ŠTimothy Bennett, CRA, OCT-C, Pennsylvania State Univ. Dept. of Ophthalmology



Medical imaging has made enormous strides in the 21st century as technology enables doctors to see the human body like never before. Computers and the internet enable patients in remote rural areas to get examined by specialists hundreds of miles away, all thanks to digital imaging.

Automation has also enabled medical technicians, nurses and doctors to do much of the work themselves. Computer programs like PowerPoint and the macro settings on point & shoot cameras saves both time and money; and with rising medical expenses, the photo departments, not covered by insurance, have forced many medical photographers do more than ever before.

First Health of the Carolinas began replacing film based radiological technology with an online digital capture and storage system in 2005 and according to Mike McCarty, director of Imaging, their annual film budget was cut from $800,000 a year to just $50,000.

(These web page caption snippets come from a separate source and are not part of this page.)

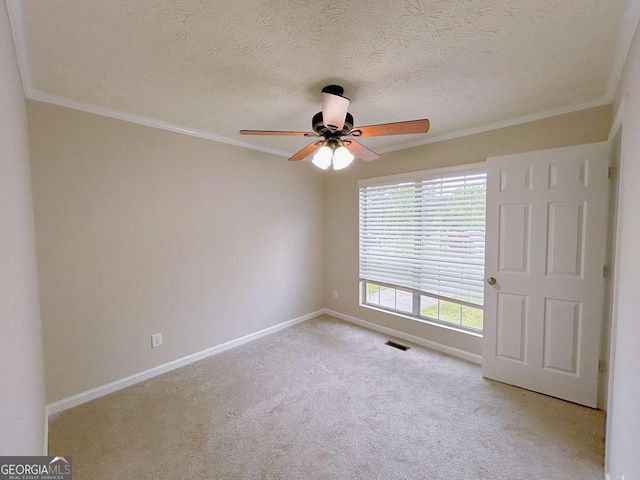 spare room with crown molding, light carpet, a ceiling fan, baseboards, and visible vents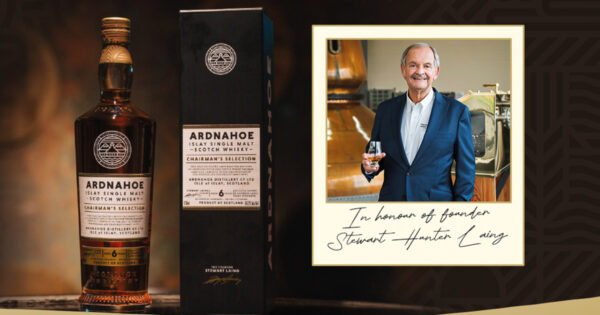 Ardnahoe Chairman's Selection und Stewart Laing eine Flasche Whisky mit Geschenkverpackung in der Linken, in der Rechten ein Foto eines Mannes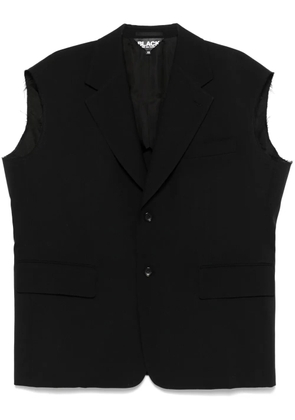 Black Comme Des Garçons sleeveless blazer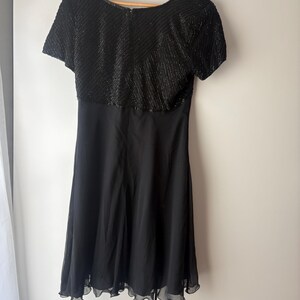 Peut inclure: Robe noire avec un corsage orn&eacute; de perles et des manches courtes. La jupe est en tissu noir uni et fluide, avec un ourlet festonn&eacute;. La robe est suspendue &agrave; un cintre en bois.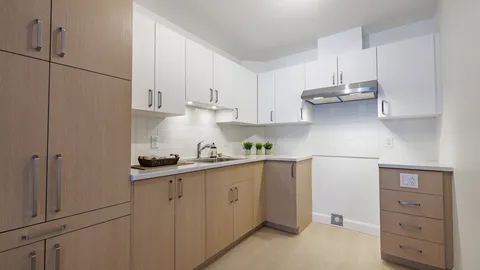 Suite kitchen with white cabinets and a wooden pantry.
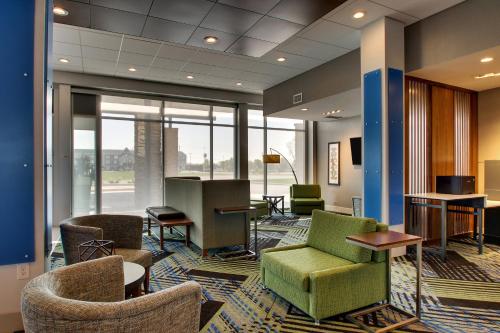 an office lobby with chairs and tables and windows at Holiday Inn Express & Suites Findlay North by IHG in Findlay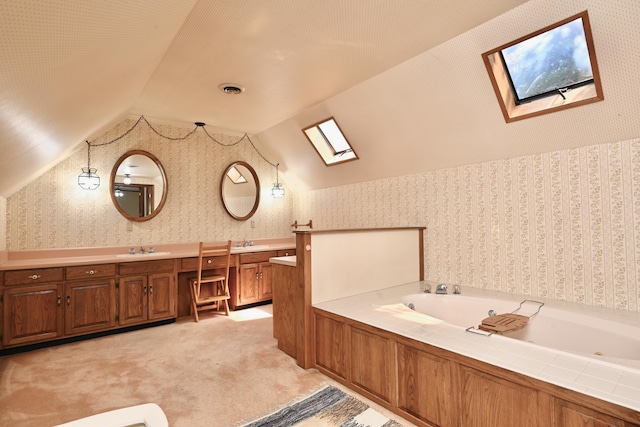 bathroom with a sink, visible vents, vaulted ceiling with skylight, wallpapered walls, and a garden tub
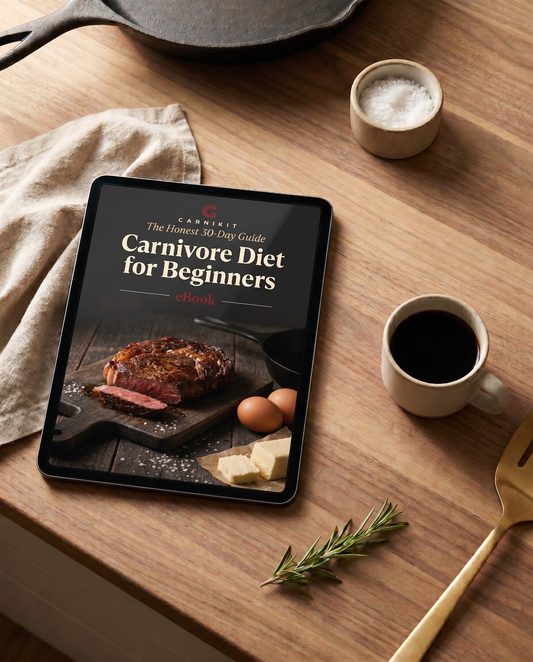 Tablet displaying 'Carnivore Diet for Beginners' on a wooden table with food items.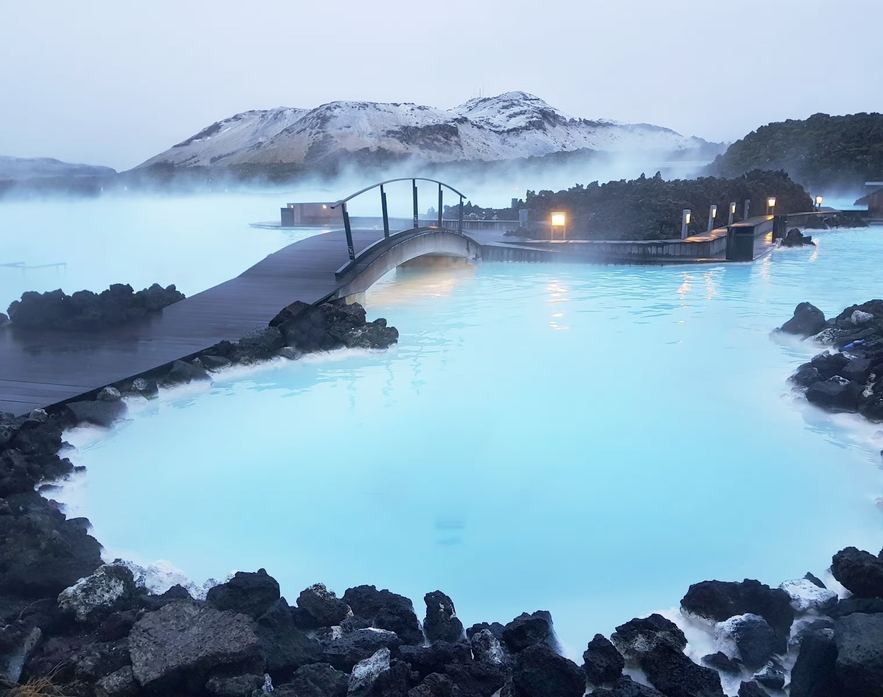 Bridge over the steaming milky blue waters of the Blue Lagoon, surrounded by black lava rocks and snow-dusted hills.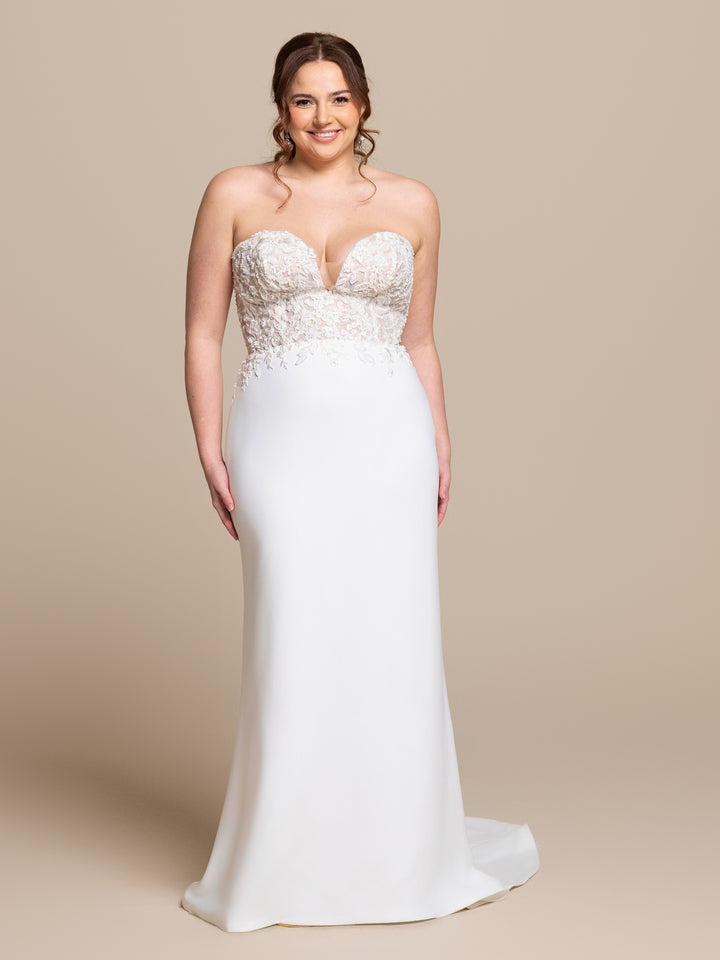 A woman smiles against a beige background wearing the Esme by averyaustin, a strapless sheath wedding dress in Ivory/Nude Glitter with a fitted, beaded floral lace bodice and a flowing skirt.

Adam Cooper, RBP, FBCA and North Shore-LIJ Studios filled a need and survived where other medical photo departments disappeared as hospitals with tightening health care benefits strive to cut overhead.

North Shore-LIJ Studios saves the hospital money as a full service studio doing both video and still photography, micro and macro close-up photography, before and after surgical imaging, along with taking executive portraits, providing all the photos for several annual reports, covering black-tie events, creating posters and designing and running video conferences for 15 hospitals in the North Shore-Long Island Jewish Health System (New York), the third largest health system in America.

Cooper majored in Bio Medical Photographic Communications at the Rochester Institute of Technology, where he took many of the same science classes required by medical students.

He says the program was mainly doing close-up scientific images, which is now only a small portion of his work, but his classes in science, video, and business enable him to understand what the doctor wants to see and get the photo and/or video they need to help diagnose an illness and in education. It also helps the institution make money, as they draw doctors from around the world to view videos of operations and learn new techniques.

North Shore-LIJ Studios also takes portraits of over 8,000 physicians to be used in both print and online directories. The hospital needed to get into tele-conferencing and their director, Dennis Skahill admits he just dove in, but is now considered an authority.

"We reinvented ourselves over and over again, I'm not doing close to what I did 10 years ago" says Cooper, who boasts that they like to keep moving forward and try to add a new service every year. With five people in the department, two specialize in video editing, two photographers do both still and video, and one person handles the video-teleconferencing.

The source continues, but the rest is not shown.